### PROBLEM TO SOLVE
Within the lines below, find those that hold the string "Hotel" and copy each one.

[Records from a data collection]
━━━━
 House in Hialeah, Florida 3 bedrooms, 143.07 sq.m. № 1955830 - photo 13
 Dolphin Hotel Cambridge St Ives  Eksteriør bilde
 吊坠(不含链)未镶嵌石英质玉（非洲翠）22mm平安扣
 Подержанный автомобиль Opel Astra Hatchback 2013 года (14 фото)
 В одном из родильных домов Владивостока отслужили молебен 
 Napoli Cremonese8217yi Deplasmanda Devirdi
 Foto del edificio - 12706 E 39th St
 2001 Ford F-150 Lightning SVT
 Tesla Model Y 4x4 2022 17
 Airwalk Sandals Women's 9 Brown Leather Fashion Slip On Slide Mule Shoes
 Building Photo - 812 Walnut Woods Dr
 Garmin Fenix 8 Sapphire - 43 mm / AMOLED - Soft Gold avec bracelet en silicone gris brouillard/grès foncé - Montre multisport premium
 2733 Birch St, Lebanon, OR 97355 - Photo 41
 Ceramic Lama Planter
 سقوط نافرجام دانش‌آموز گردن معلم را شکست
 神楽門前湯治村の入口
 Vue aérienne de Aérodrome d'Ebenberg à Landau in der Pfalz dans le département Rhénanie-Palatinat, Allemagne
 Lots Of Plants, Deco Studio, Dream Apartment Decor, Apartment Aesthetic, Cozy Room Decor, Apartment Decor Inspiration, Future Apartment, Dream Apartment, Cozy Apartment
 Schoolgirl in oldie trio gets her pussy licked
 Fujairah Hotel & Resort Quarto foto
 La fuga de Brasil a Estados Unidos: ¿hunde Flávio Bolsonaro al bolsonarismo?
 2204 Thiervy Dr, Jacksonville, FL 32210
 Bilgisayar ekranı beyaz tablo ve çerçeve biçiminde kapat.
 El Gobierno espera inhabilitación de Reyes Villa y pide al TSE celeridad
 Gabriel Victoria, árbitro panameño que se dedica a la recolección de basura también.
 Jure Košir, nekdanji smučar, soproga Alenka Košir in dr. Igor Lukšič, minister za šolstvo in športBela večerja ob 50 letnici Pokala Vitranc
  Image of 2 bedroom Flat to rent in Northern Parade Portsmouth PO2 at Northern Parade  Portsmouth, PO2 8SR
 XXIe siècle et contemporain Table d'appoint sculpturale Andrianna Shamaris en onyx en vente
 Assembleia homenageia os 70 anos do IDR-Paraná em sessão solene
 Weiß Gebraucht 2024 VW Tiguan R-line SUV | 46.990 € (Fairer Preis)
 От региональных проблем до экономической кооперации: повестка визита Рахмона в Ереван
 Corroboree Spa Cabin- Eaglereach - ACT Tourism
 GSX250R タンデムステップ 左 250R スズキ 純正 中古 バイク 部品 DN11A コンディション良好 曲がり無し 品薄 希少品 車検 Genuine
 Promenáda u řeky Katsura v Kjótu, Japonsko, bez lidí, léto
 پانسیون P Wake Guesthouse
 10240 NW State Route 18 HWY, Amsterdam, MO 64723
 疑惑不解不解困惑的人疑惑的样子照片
━━━━
### ANSWER FOR THIS EXERCISE
 Dolphin Hotel Cambridge St Ives  Eksteriør bilde
 Fujairah Hotel & Resort Quarto foto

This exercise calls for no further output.